Doc Ball had a huge influence on promoting surfing in California and world wide during the 1930’s and 1940’s because of his over 900 photographs and thousands of feet of 16mm film that he shot in and out of the water of the top surfers and innovators of that time such as Tom Blake, Hoppy Swartz, Pete Peterson and Duke Kahanamoku.
Legendary surfer, shaper and filmmaker Greg Noll explains Doc’s influence on surfing and his friendship with Doc Ball. Jack "Woody" Eckstrom describes the process of shooting shots from the water using Doc's water box.
The Life Story of Doc Ball is directed and produced by Carl Ackerman who also made Shaping 101 with John Carper of JC Hawaii that sold world wide for many years.
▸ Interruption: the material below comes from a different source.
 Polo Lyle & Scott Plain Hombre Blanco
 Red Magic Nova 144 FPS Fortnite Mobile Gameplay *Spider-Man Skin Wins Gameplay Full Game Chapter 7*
The film is written and co-produced by Malcolm Gault Williams who has been writing books and articles independently and for surf magazines for over 25 years.
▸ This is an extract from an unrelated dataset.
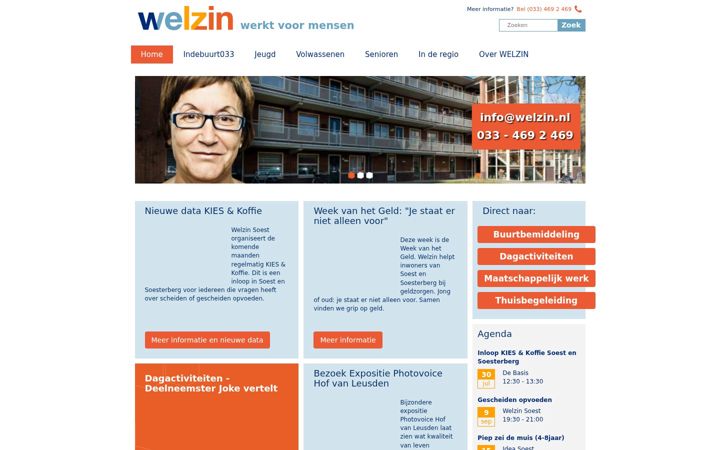 Screenshot di welzin.nl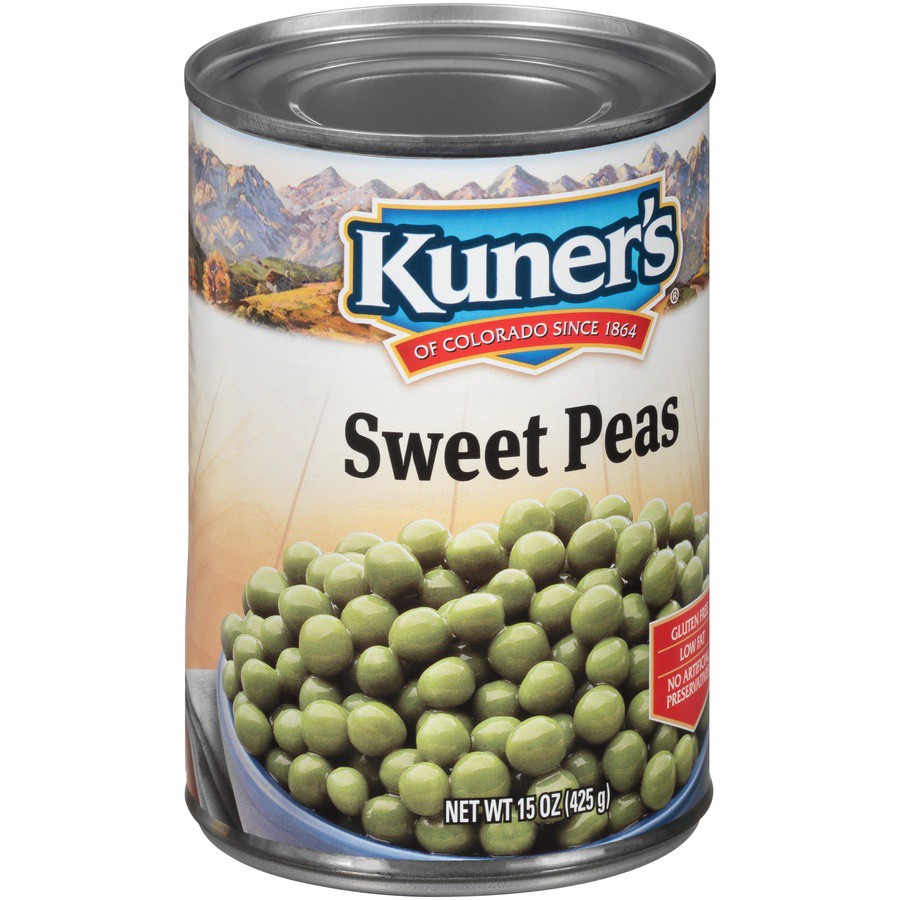 slide 2 of 8, Kuner's Sweet Peas 15 oz, 15 oz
Our intent has been to make a film honoring the legacy of surfing's first dedicated surf photographer who, more than anyone, helped popularize surfing during its early years as an emerging international sport.
It is our hope that through our efforts, Doc's story will be viewed, appreciated and enjoyed by viewers interested in how surfing began in the United States; what surfing was like before and after World War II; and the story of a man who played such a large role in popularizing the sport worldwide.